# Young Love <3



## hipsanndhearts (Aug 4, 2007)

C & C ALWAYS welcome


----------



## itsjustbrandy (Aug 5, 2007)

Awwl ...  they are soo adorable!


----------



## sbranam (Aug 5, 2007)

how cute!


----------



## moonmoon (Aug 5, 2007)

so lovely//


----------



## Huskysibe (Aug 5, 2007)

Very nice, I love kid photography.

Billy


----------



## julz (Aug 5, 2007)

kids scare me but these photos are actually really cute


----------



## jstuedle (Aug 5, 2007)

julz said:


> kids scare me but these photos are actually really cute


Scare you? Nothing to be scared of, except maybe gnawed ankles, spilled grape goo on the carpet, ear splitting screams, and maybe a crushing, sticky hug or two. Kids are G-R-E-A-T, as long as they go home after the shoot/visit. But grandparents can say that. Happiness is seeing them come, and ecstasy is seeing them leave.


----------



## EJBPhoto (Aug 5, 2007)

These are very nice! I would love to give you CC but without knowing your settings (or did you take these with a p and s...?) I can't very well do that.  I notice some of the eyes look soft but I'm unsure what it is a result of... probably shooting too wide open?


----------



## hipsanndhearts (Aug 5, 2007)

Ooops, I definetly should have included that info!
I shoot with a Nikon D50, and these were taken with a 50mm, natural lighting


----------



## EJBPhoto (Aug 5, 2007)

Alright...aperture, shutter speed? It looks like maybe you should have closed up your aperture a little to get both of their eyes in focus.  In the third her right eye is on a slightly different plane and it looks a little OOF. Also, try to keep your pping consistent. The second one has a bad blue cast. Look at the white fence in the background to see that cast. Also, I can tell you used a flash.Was this your on camera flash?  It looks like you had plenty of light. Flashes are never flattering or natural looking to a subject.  Instead, use natural light and look for catch lights in your subjects eyes.  Sometimes it helps to wear a white shirt while shooting or use a reflector or have them face open sky (but not the sun...to avoid squinting).

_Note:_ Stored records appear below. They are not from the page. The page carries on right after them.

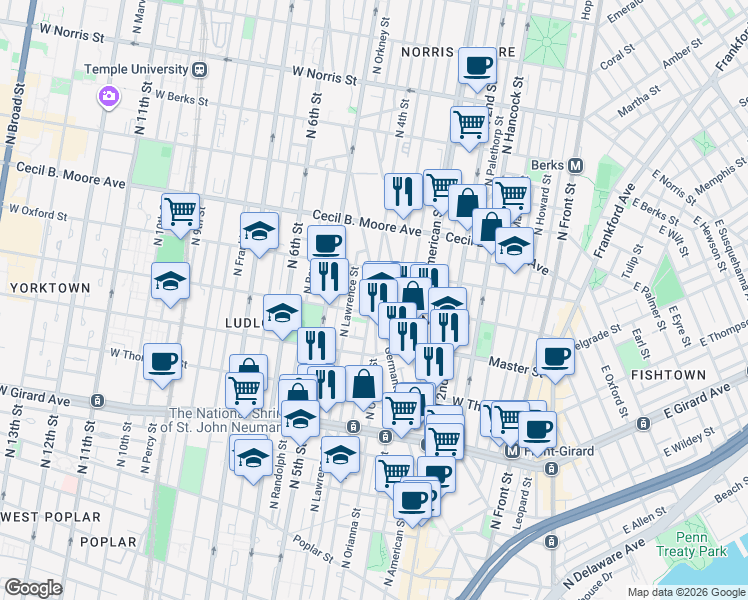 map of restaurants, bars, coffee shops, grocery stores, and more near 1442 North 4th Street in Philadelphia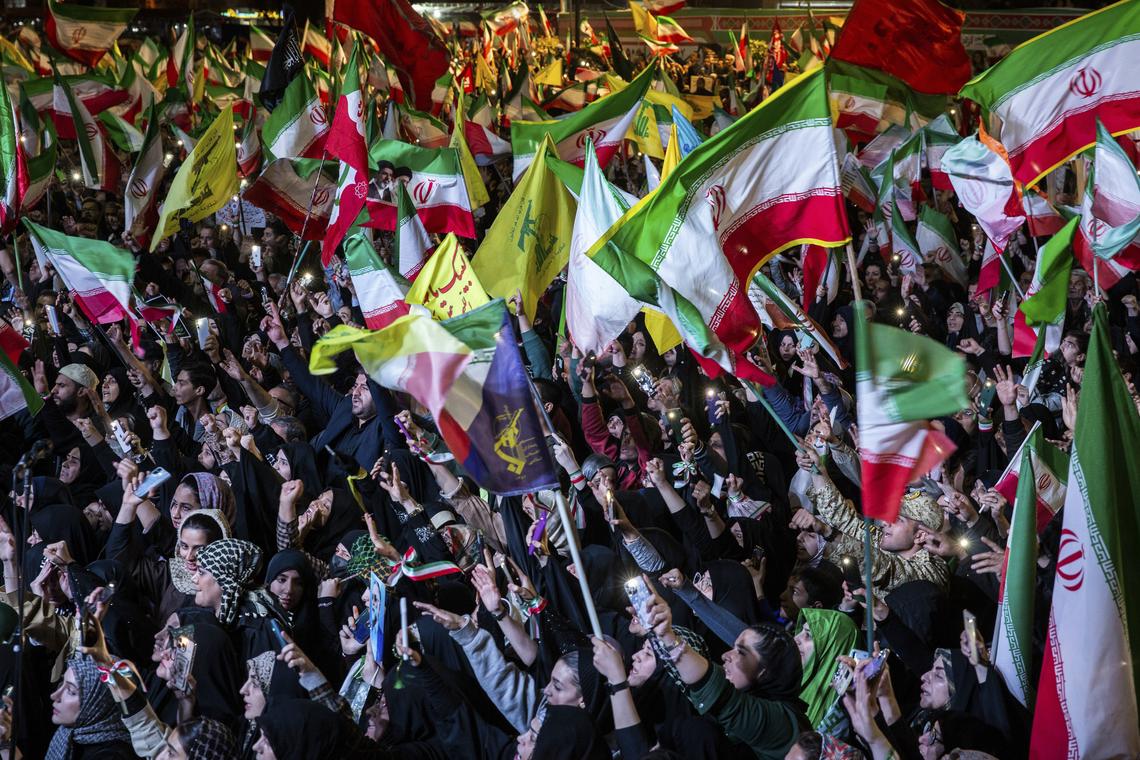 A pro-government demonstration in Enghelab Square in Tehran, Iran on Wednesday, April 22, 2026. The killing of Ayatollah Ali Khamenei has ushered in a new form of collective leadership, with more power for the generals of the Revolutionary Guard. (Arash Khamooshi/The New York Times)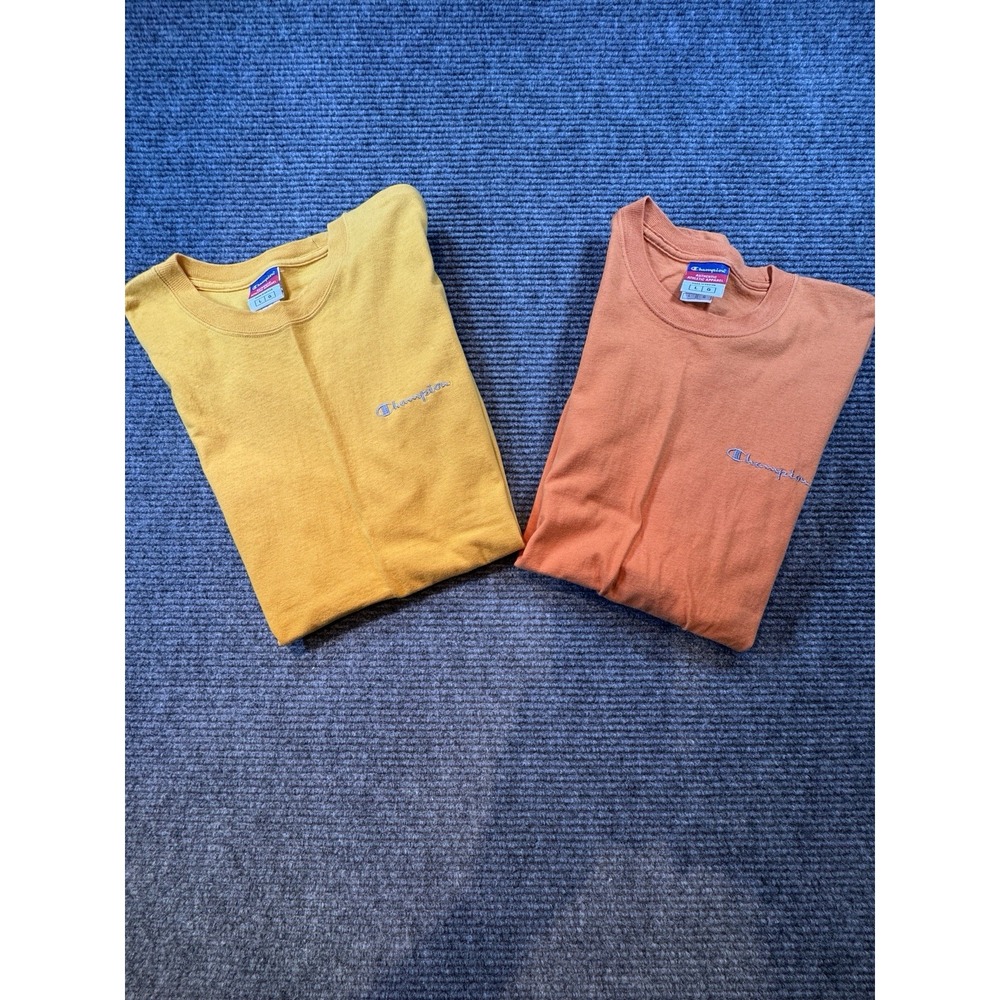 Lot Of 2 Vintage Champion T-Shirt Men's Large Yellow/Orange Script Logo 90s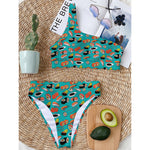 Japanese Sushi And Rolls Pattern Print One Shoulder Bikini Top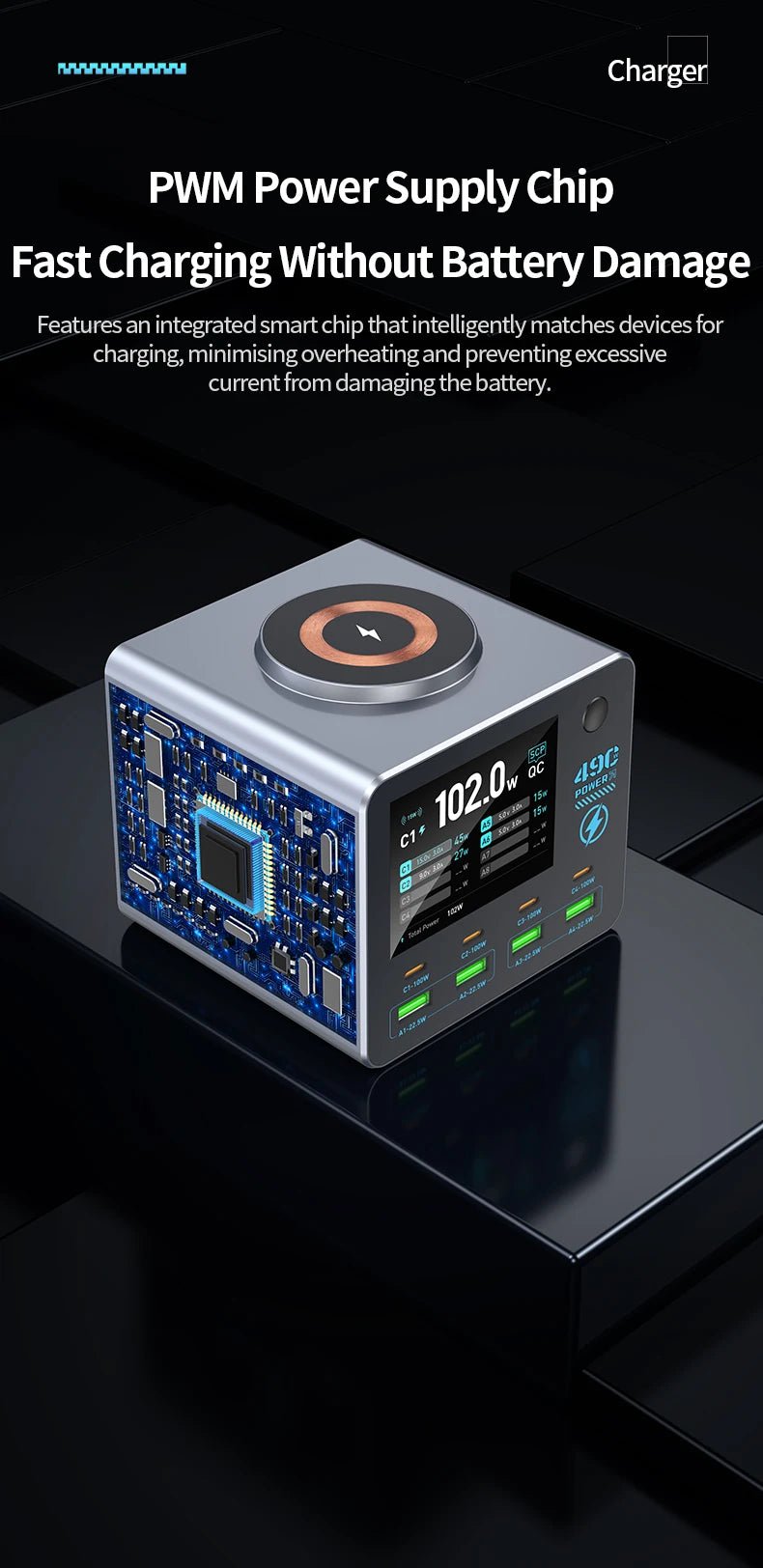 Nouveau chargeur numérique intelligent 140W, chargeur sans fil, chargeur multi-ports (4C4A) pour smartphones, tablettes et plus - Golden High-Tech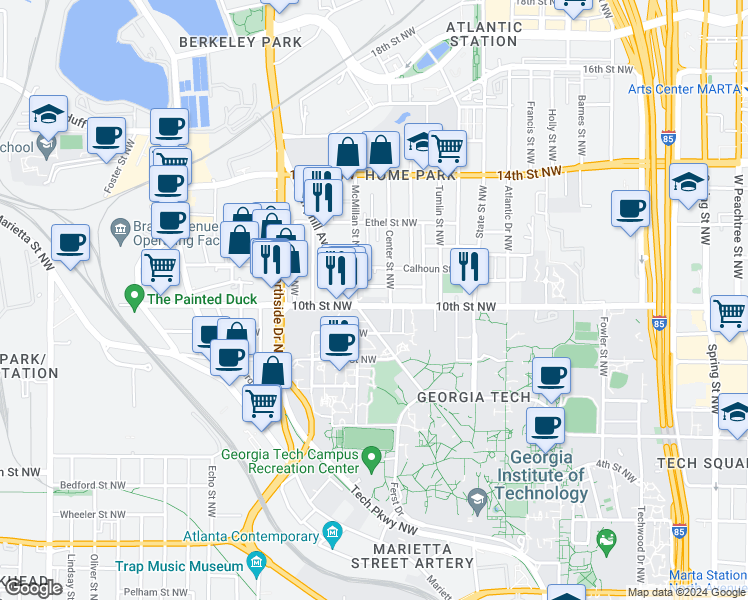 map of restaurants, bars, coffee shops, grocery stores, and more near 497 10th Street Northwest in Atlanta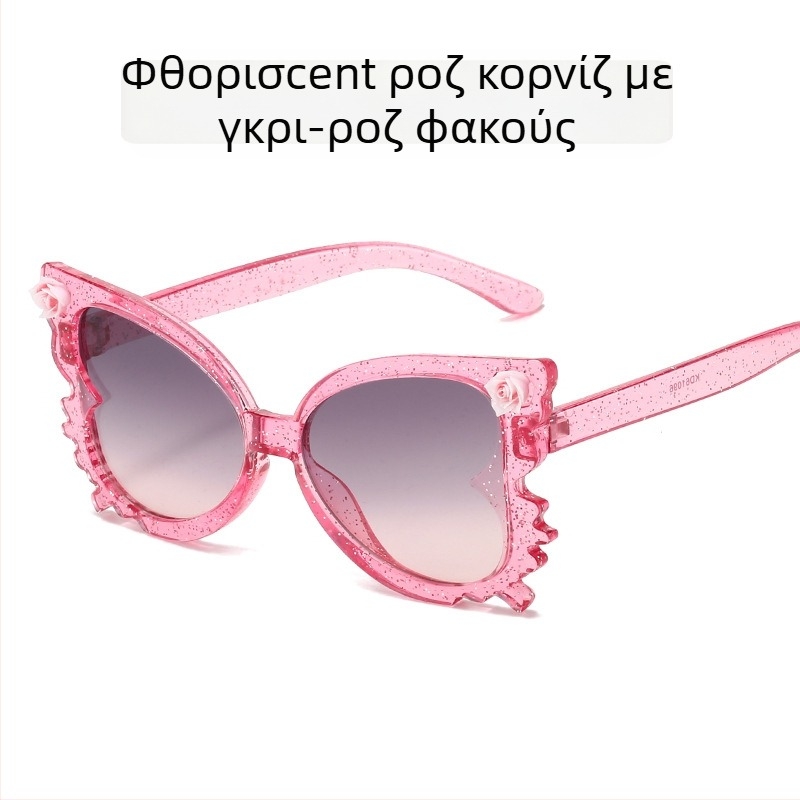 Χαριτωμένα γυαλιά ηλίου μωρού με λουλούδια, γυναικεία μόδα, παιδικά γυαλιά ηλίου σε χρώμα καραμέλας, μοντέρνα διακοσμητικά γυαλιά ηλίου για παιδιά σε σχήμα πεταλούδας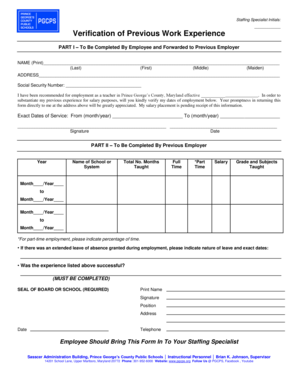 Pgcps Employment Verification  Form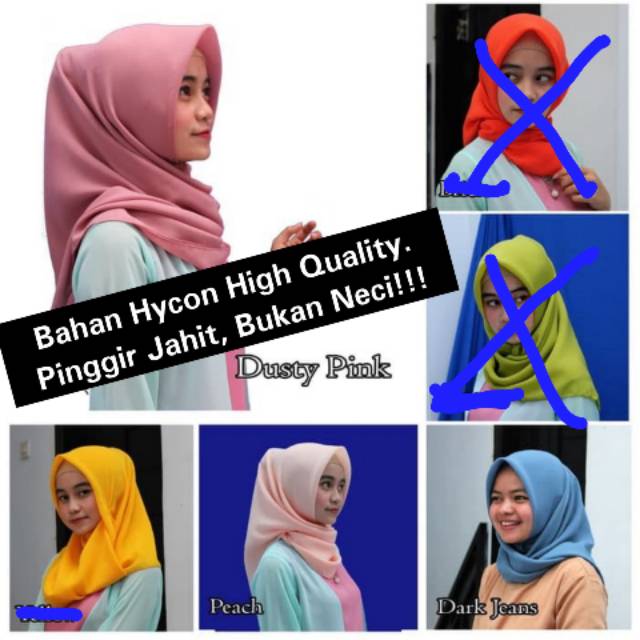 Jilbab Segiempat Bella Square Polos Jahit Pinggir High Quality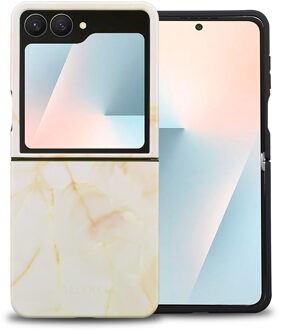 Selencia Vivid Backcover voor de Samsung Galaxy Z Flip 7 - Golden Beige Marble Meerkleurig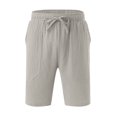 thumbnail image 4 of Men's Cotton Linen Casual Classic Fit 11 Inch Inseam Elastic Waist Shorts with Drawstring, 4 of 6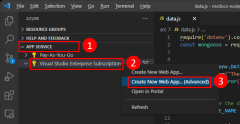 A screenshot showing the App Service section of Azure Tools showing how to create a new web app.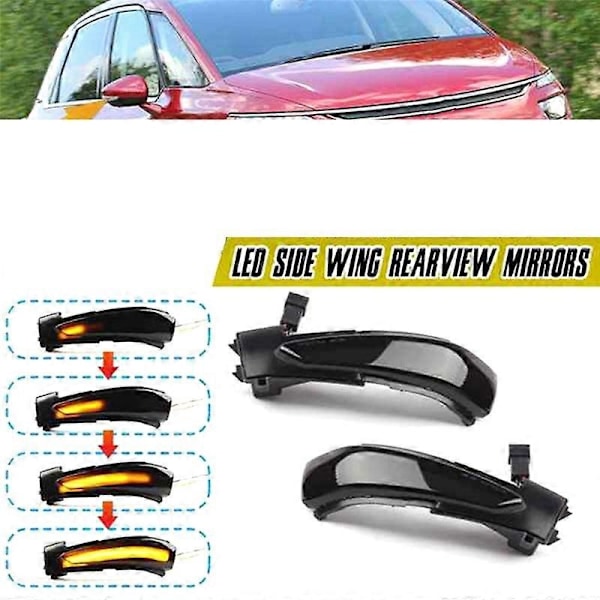 Dynamisk LED Blinklys Bakspejl Lysindikator Kompatibel med Peugeot 508 Citroen C4 Picasso DS5-Perfet
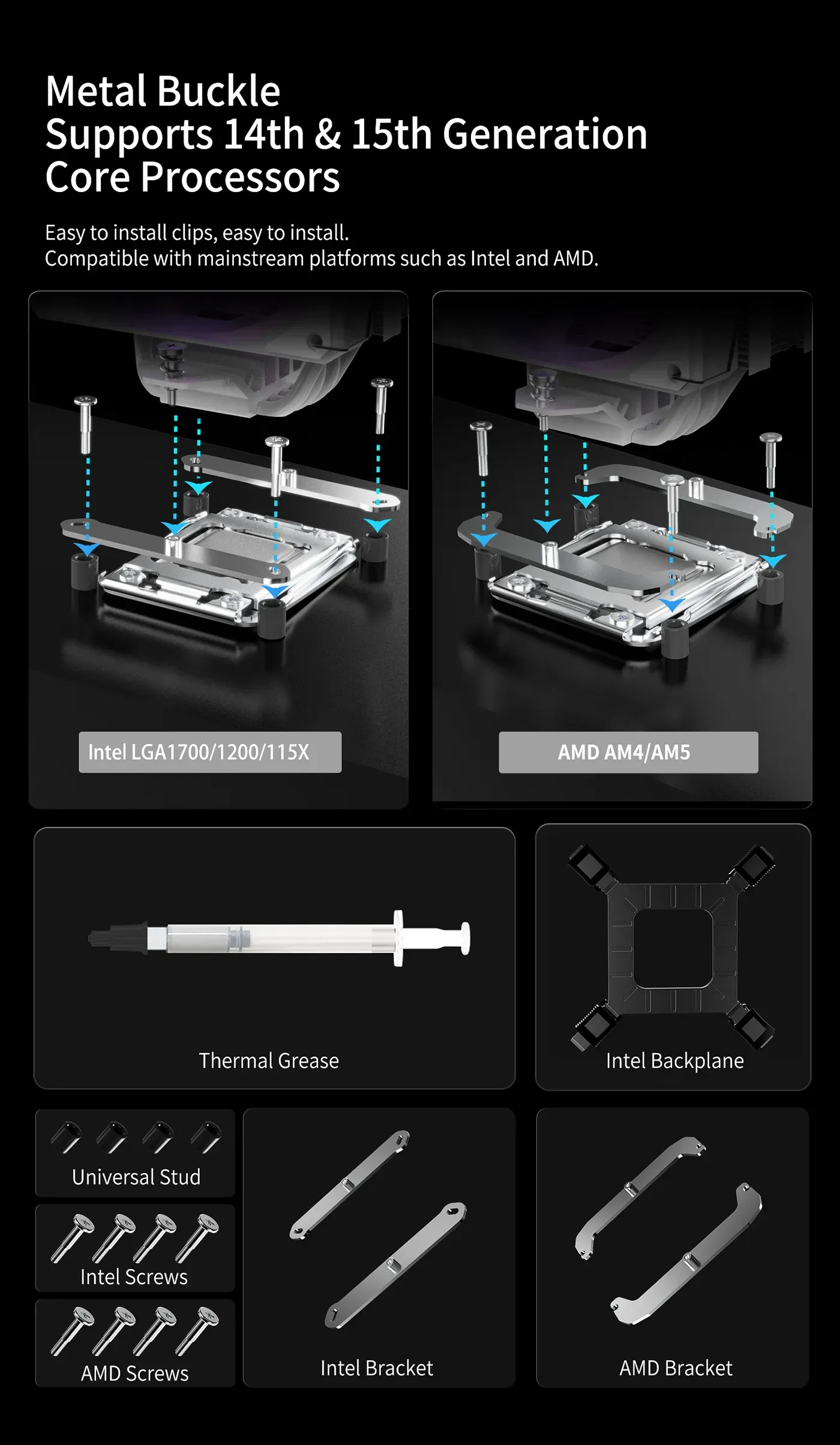 Tool-free fan clips and Intel and AMD brackets for the Gamma 90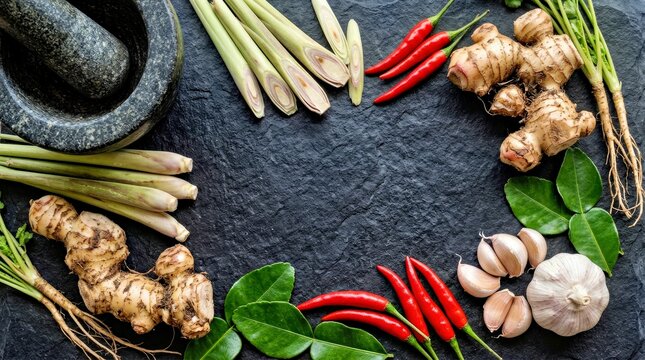 Fresh Thai Ingredients Including Lemongrass Kaffir Lime Leaves Thai Chilies Ginger and Garlic on Dark Stone Surface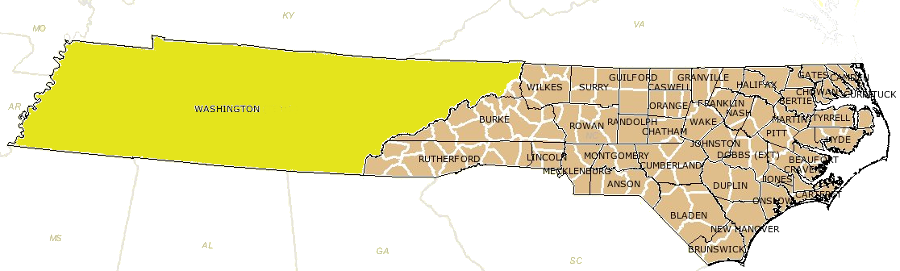 the new North Carolina state government created Washington District in 1776 and organized it into Washington County in 1777, to govern the land west of the Blue Ridge
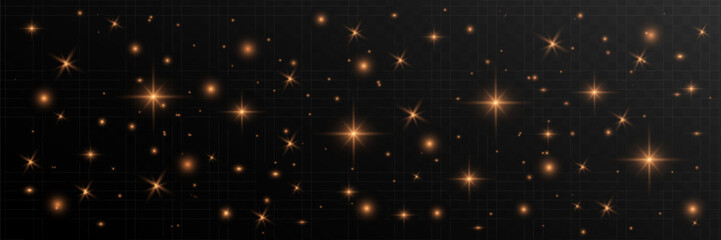 Yellow sparks glitter special light effect. Vector sparkles on transparent background. Sparkling magic dust particles.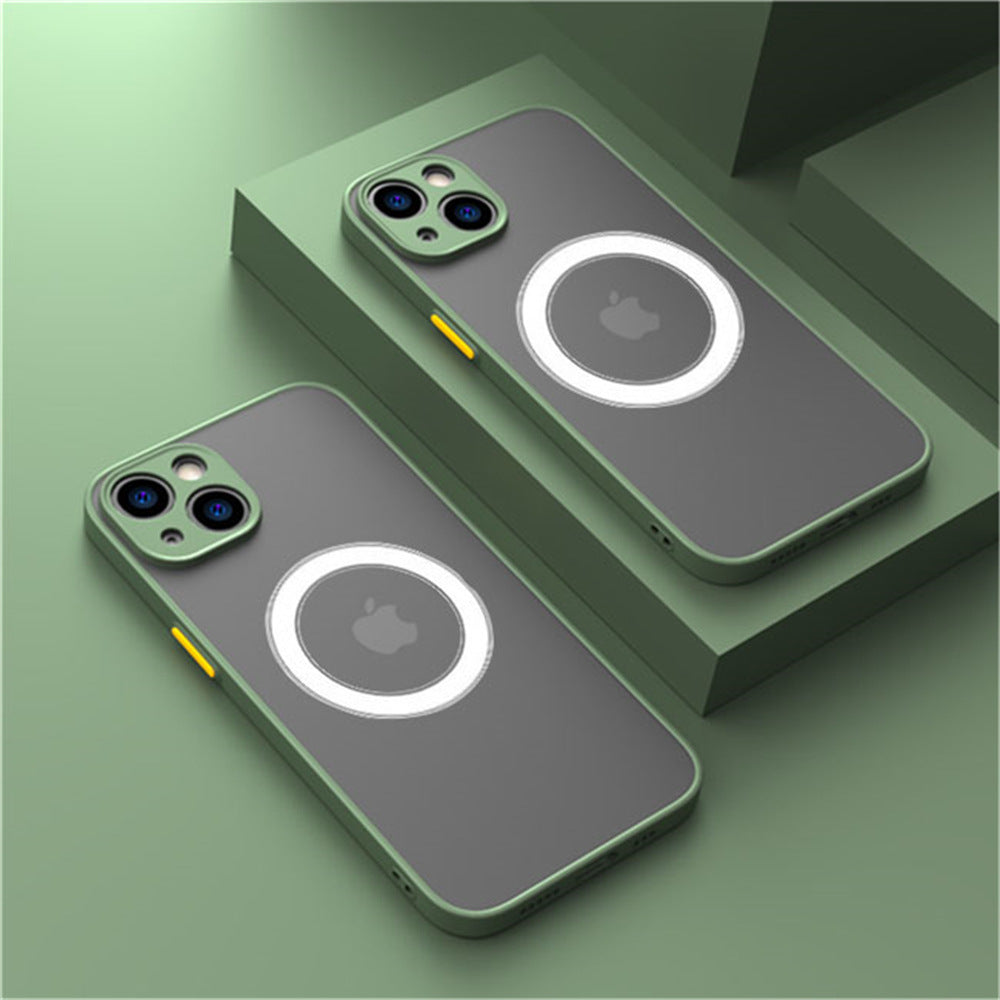 Suitable For Apple 15 Mobile Phone Case Magnetically Attracted To iPhone 14/13/12/11 Pro Magnetic Anti-Fall Matte Protective Cover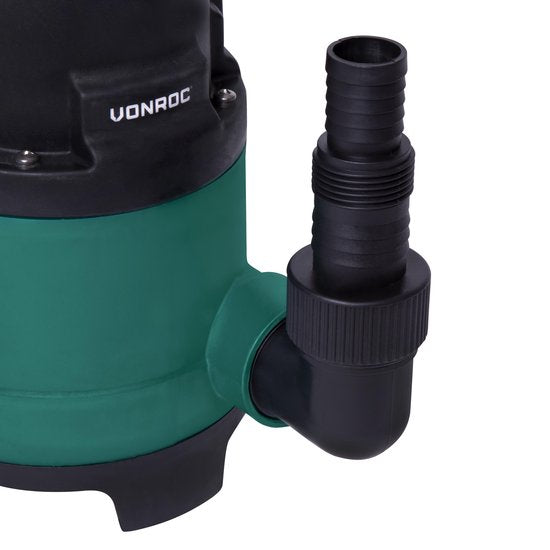 VONROC Tauchpumpe/Wasserpumpe 400W - 8000l/h - Für schmutziges und sauberes Wasser - Mit Schwimmer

Four is my favorite   I like your compositions and you got great expressions.

Keep practicing!


----------



## hipsanndhearts (Aug 5, 2007)

Thank you SO much. That was very much appreciated & will definetly be used next time <3


----------



## EJBPhoto (Aug 5, 2007)

No problem   Hey, I'm about to send you a PM! Check it!


----------